I’m on board with that, but I think it is possible that some might agree this is a path towards automated research of something but not that the something is interpretability. After all, your need not be interpretable in any straightforward way. So implicitly the space of ’s you are searching over is constrained to something instrinsically reasonably interpretable?
Since later you say “human-led interpretability absorbing the scientific insights offered by I*” I guess not, and your point is that there are many safety-relevant applications of I*(M) even if it is not very human comprehensible.
Wu et al?
There’s plenty, including a line of work by Carina Curto, Katrin Hess and others that is taken seriously by a number of mathematically inclined neuroscience people (Tom Burns if he’s reading can comment further). As far as I know this kind of work is the closest to breaking through into the mainstream. At some level you can think of homology as a natural way of preserving information in noisy systems, for reasons similar to why (co)homology of tori was a useful way for Kitaev to formulate his surface code. Whether or not real brains/NNs have some emergent computation that makes use of this is a separate question, I’m not aware of really compelling evidence.
There is more speculative but definitely interesting work by Matilde Marcolli. I believe Manin has thought about this (because he’s thought about everything) and if you have twenty years to acquire the prerequisites (gamma spaces!) you can gaze into deep pools by reading that too.
I’m ashamed to say I don’t remember. That was the highlight. I think I have some notes on the conversation somewhere and I’ll try to remember to post here if I ever find it.

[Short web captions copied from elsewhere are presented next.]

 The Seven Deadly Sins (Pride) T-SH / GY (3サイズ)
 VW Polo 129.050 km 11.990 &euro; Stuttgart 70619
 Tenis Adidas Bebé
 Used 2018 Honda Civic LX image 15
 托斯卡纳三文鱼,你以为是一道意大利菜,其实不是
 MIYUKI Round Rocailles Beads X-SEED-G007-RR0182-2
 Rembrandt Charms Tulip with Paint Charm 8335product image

I can spell out the content of his Koan a little, if it wasn’t clear. It’s probably more like: look for things that are (not there). If you spend enough time in a particular landscape of ideas, you can (if you’re quiet and pay attention and aren’t busy jumping on bandwagons) get an idea of a hole, which you’re able to walk around but can’t directly see. In this way new ideas appear as something like residues from circumnavigating these holes. It’s my understanding that Khovanov homology was discovered like that, and this is not unusual in mathematics.
By the way, that’s partly why I think the prospect of AIs being creative mathematicians in the short term should not be discounted; if you see all the things you see all the holes.

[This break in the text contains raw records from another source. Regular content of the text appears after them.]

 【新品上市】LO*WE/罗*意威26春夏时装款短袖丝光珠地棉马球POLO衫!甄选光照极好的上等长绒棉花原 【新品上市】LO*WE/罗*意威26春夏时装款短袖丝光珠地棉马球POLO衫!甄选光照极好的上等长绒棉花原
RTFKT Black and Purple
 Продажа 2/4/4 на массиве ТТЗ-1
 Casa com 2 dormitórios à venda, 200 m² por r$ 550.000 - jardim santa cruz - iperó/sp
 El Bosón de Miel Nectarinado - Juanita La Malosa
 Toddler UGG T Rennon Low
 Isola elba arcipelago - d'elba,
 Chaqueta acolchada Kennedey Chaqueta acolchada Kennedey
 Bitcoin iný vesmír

I don’t think SLT explains why SGD on overparametrised nets generalises. I actually think “overparametrised” is a kind of classical term that we shouldn’t be using anymore, but anyway, SLT does provide a mathematical framework in which Bayesian learning with very large models need not generalise poorly, which would have been a very useful prior for generations of theorists thinking about deep learning to have (and if they had, then many years of confusion might have been avoided imo). However, as Lucius pointed out in his comment, Bayesian learning is not SGD and even if that gap is bridged, just because generalisation is possible doesn’t mean you have a sufficient explanation of why it is actually happening.

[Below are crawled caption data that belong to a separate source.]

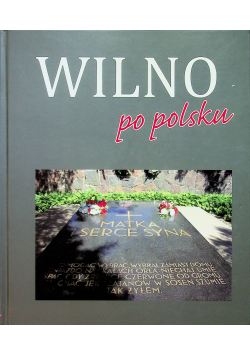 Wilno po polsku
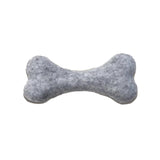 Awoo - Bone Felt Toy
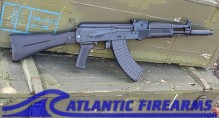 PSA AK-104 Side Folder Rifle SBR Ready
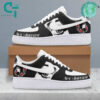 Amy Winehouse Air Force Shoes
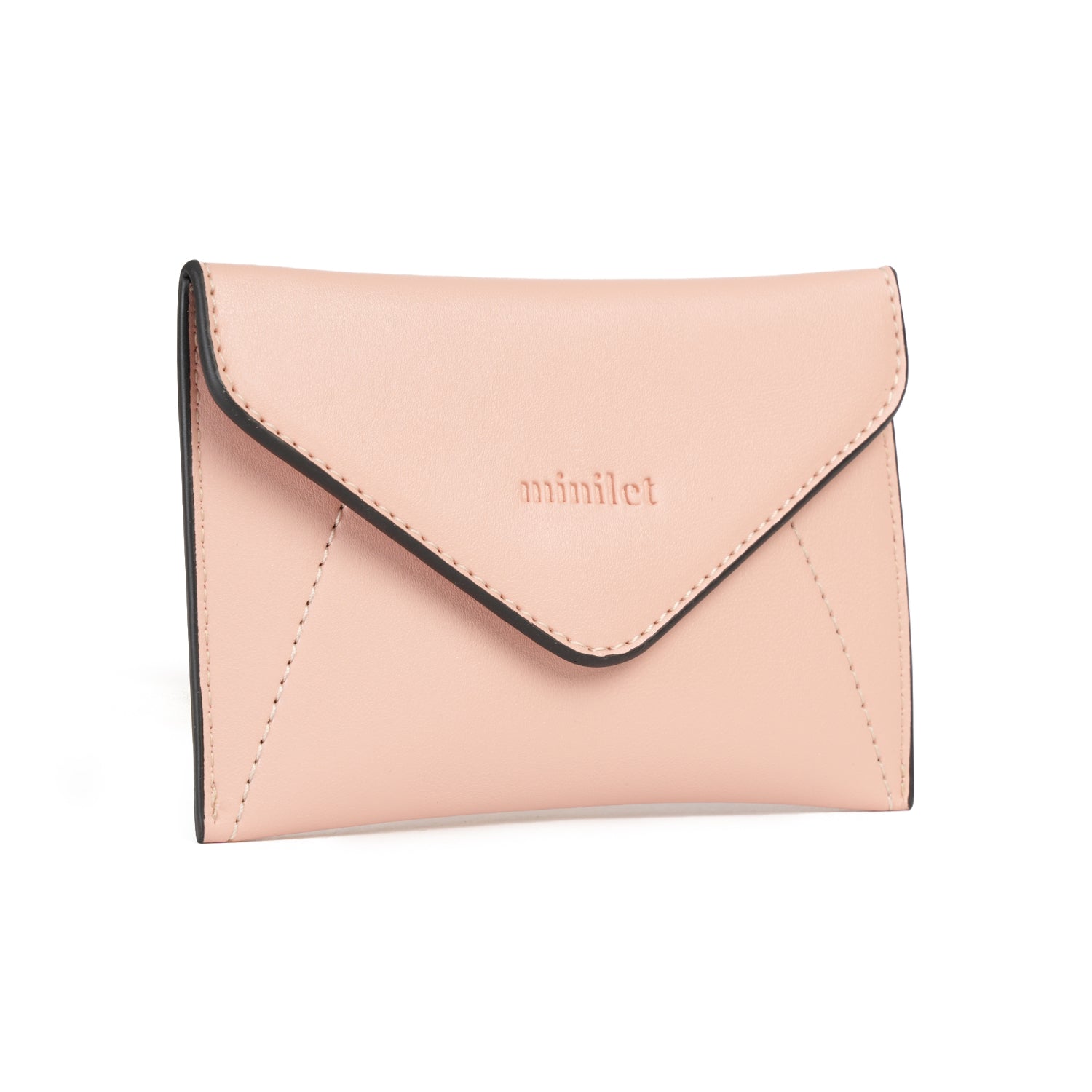 Dust Pink | Card Holder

I wrote about this at some length in this old comment which you might find useful.
Having said that, I think that in time we’ll see the gap between Bayesian learning and SGD is not as profound as it seems right now. While some of the ways they could be directly related are not true, it will turn out to be true I think that comparison of probabilities of regions of parameter space according to the Bayesian posterior do tend to govern the statistics of SGD trajectories to a significant degree. At that point a lot of the qualitative conclusions one might draw from the basic picture of SLT will just be good descriptions of what SGD is up to; but that work remains in the future.